旦那さんはこれを息子を激励するためのヒントとして見せたのかもしれないけれど、当時確定申告の準備に追われていた私にはこのメッセージが自分事として突き刺さった。

それはもう、ぶっすぶすのぐっさぐさに刺さった。

クリティカルヒットで瀕死である。

 

個人事業をもう10年以上やって毎年確定申告をしているのに、全く今でも意味がよくわかっていない私は「頭の悪いやつから多く搾取する仕組み」にばちん!と組み込まれているのだなあとしみじみと、本当にしみじみと感じざるを得なかった。(※:毎年税金と社会保険料を払うのが大変。納付書が送られてくるたびに「払い切れるのだろうか」という恐怖に襲われる。そしてその翌年度の支払額ために何日も何日も確定申告用に時間を費やしていると本当に切なく、虚しくなるものなのです。)

 

そんな風に、体調もいまいち思わしくなく、漠然とした不安やストレスを抱えて過ごしていたある日、羽生君の出演した米津玄師さんのMVを見た。
そのあと二人の対談も見た。

ネトフリでアニメ「メダリスト」も今配信されている分は全部見た。

米津さん自身が主題歌を逆オファーしたということで既に大きな話題になっていて、そのタイトルがずばりBOW AND ARROWー弓と矢ということで私も関心があった。

 

MVからは力をもらった。

そして「メダリスト」を見ることに決めた。

羽生君と米津さんの対談を見る前に、アニメは全部見たけれど、見終わった感想は「米津さんはこの物語をどんな角度から”素晴らしい漫画”だと絶賛しているのだろう。」ということだった。
 

アニメ「メダリスト」は、圧倒的な作画クオリティはもちろんのこと、個性豊かで魅力的なキャラクターたちが織りなす、陽のエネルギーに満ちた作品だった。

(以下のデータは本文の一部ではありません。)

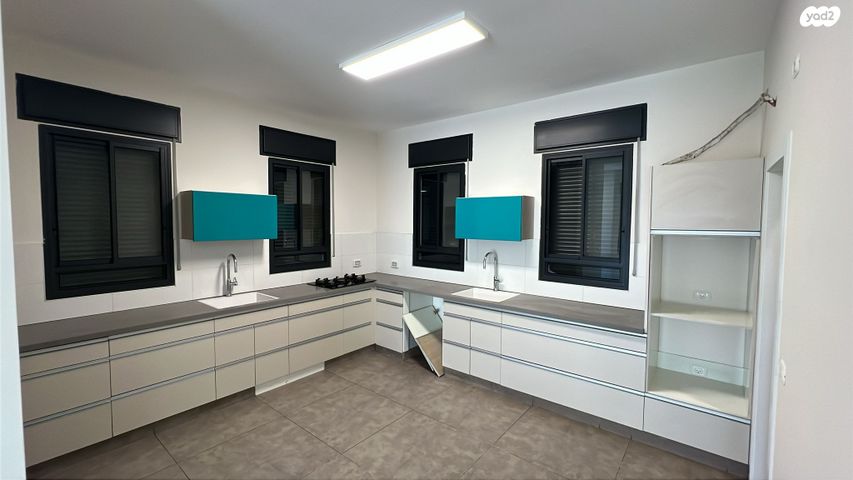 בית פרטי/ קוטג', בני דקלים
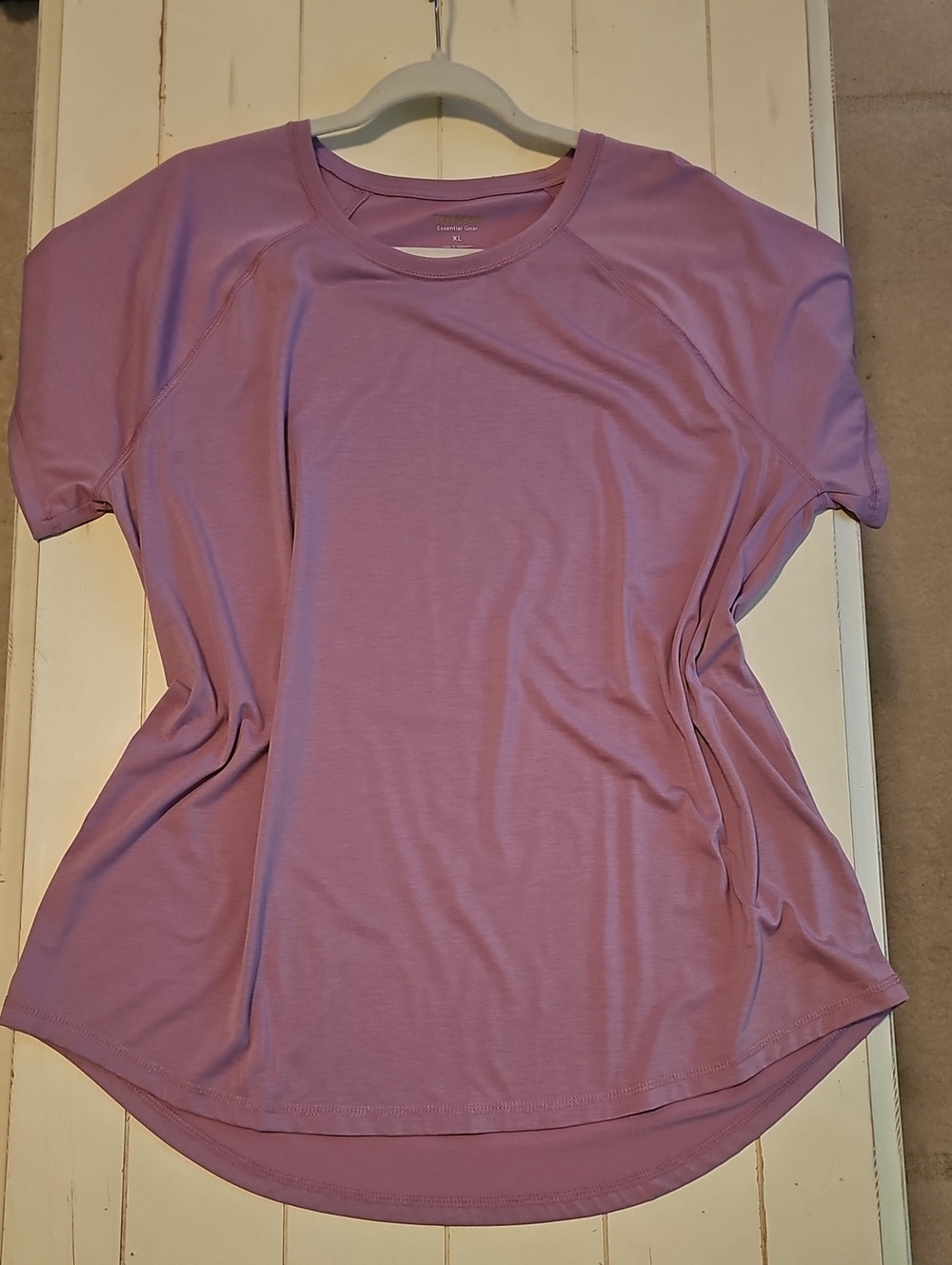 Lightweight Lavender Mauve Short Sleeve Activewear Crew Tee, New never worn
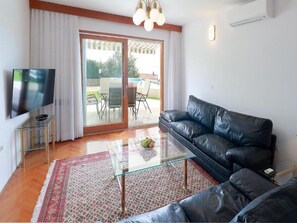 Villa (Four Bedroom Villa with Swimming pool) | Salle de séjour | Télévision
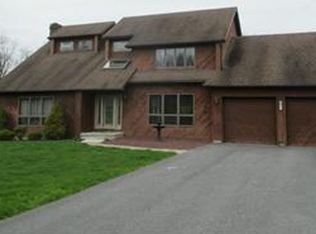 97 Chris Ct, Bangor, PA 18013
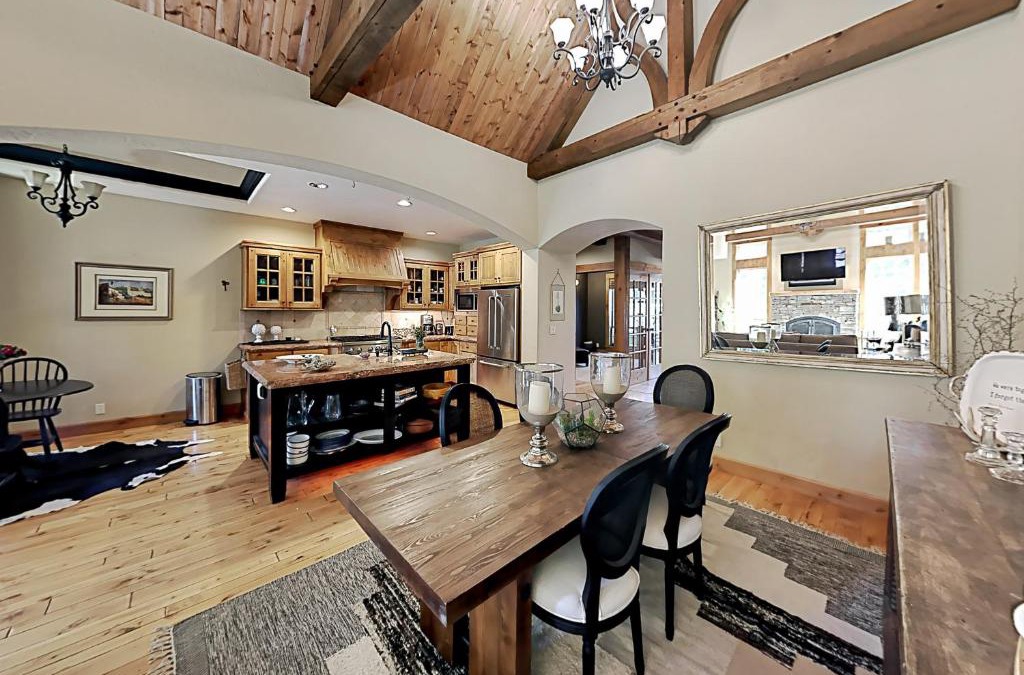 Southwest Bend House | Gorge View Chalet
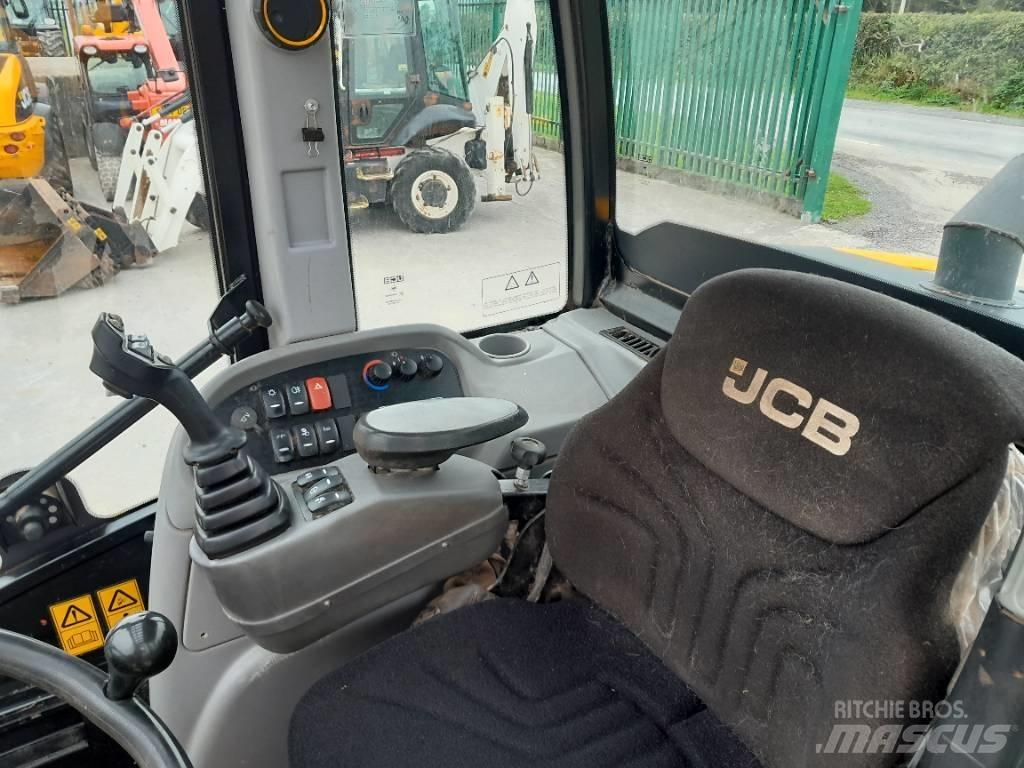 JCB TM 320 S Põllumajanduslikud teleskoopkäitlejad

フィギュアスケートの演技描写は躍動感にあふれ、選手が銀盤を蹴って空中へ舞い上がる瞬間には爽快感が、指先まで神経が行き届いた着氷シーンでは、思わず息をのむような達成感があった。

もちろん、挫折し、悩み、涙する場面も多い。それでも、主人公のいのりちゃんだけでなく、ライバル選手たちもまた、それぞれに成長し、強くなり、コーチとともに壁を乗り越えていく。

とにかく、「陽」だった。


でもLemonで、あのくらーい感じのMVでピンヒールを履いて「あの日の苦しみさえ、あの日の悲しみさえ」と歌っていた米津さんが(私の中の米津さんのイメージが大分古くて申し訳ない)こんなにきらっきらの世界のアニメのテーマ曲を自ら志願して書きたいって思う理由はなんなんだろう、とどうしても私は不思議に思ったのだった。

 

それが羽生君との対談を見て、その一部はわかったような気がした。

米津さんは、
マンガを読んで「選手のことを圧倒的に肯定しなければならない」という使命感で曲を作った、

対面する選手に対して「あなたはあなたでいるだけで素晴らしい」と肯定できなければ、作品にふさわしくならない、

応援する側にも責任がある。「いや、関係ねぇし」と言っていた自分は、もう立場が違う、

圧倒的に肯定する――その覚悟を決めた、
「BOW AND ARROW」は(ラストの)「手を離す」という場面から生まれたタイトル。庇護する者、押す者
というようなことを言っていた。
 

話を聞いていたら、アニメの中で感情豊かに躍動していたキャラクターたちの笑顔や、涙で歪む表情が次々に浮かんできた。
そして、「そうか。そういうところなのか。」という感覚が迫り、気がつけば涙がこぼれていた。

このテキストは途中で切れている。